5 horizontal scanner

6 control unit

7 tracking device

8 support

8a lifting device

8b telescopic tube

8c cable

9 mounting device

10 laser scanner

12 measuring head

14 base

16 mirror

17 light emitter

18 emission light beam

20 reception light beam

21 light receiver

22 control and evaluation unit

C lO center of the laser scanner

O object

X measuring point

Claims

Patent Claims

Device for optically scanning and measuring an environment, said device being configured to be mobile and being provided with a laser scanner (10) or the like, which creates 3D-scans, characterized in that the device (1) is provided with an autonomously moving robot (2), on which a laser scanner (10) or the like is mounted.

Device according to Claim 1, characterized in that the robot (2) is provided with means, in particular a horizontal scanner (5), in order to create a 2D-map for the autonomous movement of the robot (2).

Device according to Claim 1 or 2, characterized in that at least in one scanning phase the laser scanner (10) creates the 3D-scans while - at the same time and/or temporally alternately - the robot (2) moves autonomously by means of the 2D-map.

Device according to Claim 3, characterized in that means are provided for synchronously, or in a manner that can be synchronized, storing or transfering the 3D-scans of the laser scanner and the corresponding current positions of the robot (2) on the 2D-map.

Device according to one of the preceding claims, characterized in that the robot (2) is provided with a tracking device (7), in order to follow a teacher at least in an initialization phase.

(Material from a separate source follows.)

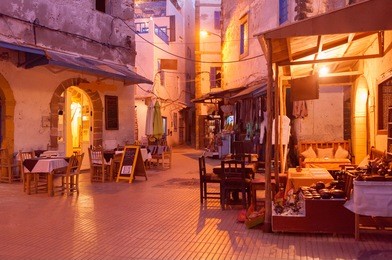 old shopping street in medina at  the evening, essaouira, morocco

Device according to one of the preceding claims, characterized in that the laser scanner (10) and the robot (2) are networked with one another, in particular a control and evaluation unit (22) of the laser scanner (10) and a control unit (6) of the robot (2) and/or a horizontal scanner (5) and/or a tracking device (7) are integrated in a network with mutual data exchange.

7. Device according to one of the preceding claims, characterized in that the laser scanner (10) is mounted on the robot (2) by means of a support (8) which is, in particular, height-adjustable.

8. Device according to one of the preceding claims, characterized in that the laser scanner (10) has a base (14), a measuring head (12) which is rotatable relative to the base (14) and a mirror (16) which is rotatable relative to the measuring head (12), wherein a light emitter (17) emitting an emission light beam (19) which is deflected into the environment by the mirror (16), and a light receiver

(21) are provided in the measuring head (12), said light receiver receiving a reception light beam (20) which is reflected in the environment of the laser scanner (10) by an object O or scattered otherwise and deflected by the mirror (16), and wherein a control and evaluation unit (22) determines, for a multi- tude of measuring points (X), determines at least the distance to the object (O).

9. Method for operating a device according to one of the preceding claims, characterized in that, in an initialization phase, the robot (2) creates or loads a 2D- map and, in a scanning phase, the robot (2) moves autonomously by means of the 2D-map, and the laser scanner (10) creates the 3D-scans.

10. Method according to Claim 9, characterized in that the robot (2) creates the 2D-map by means of a strategic or stochastic procedure or by means of learning.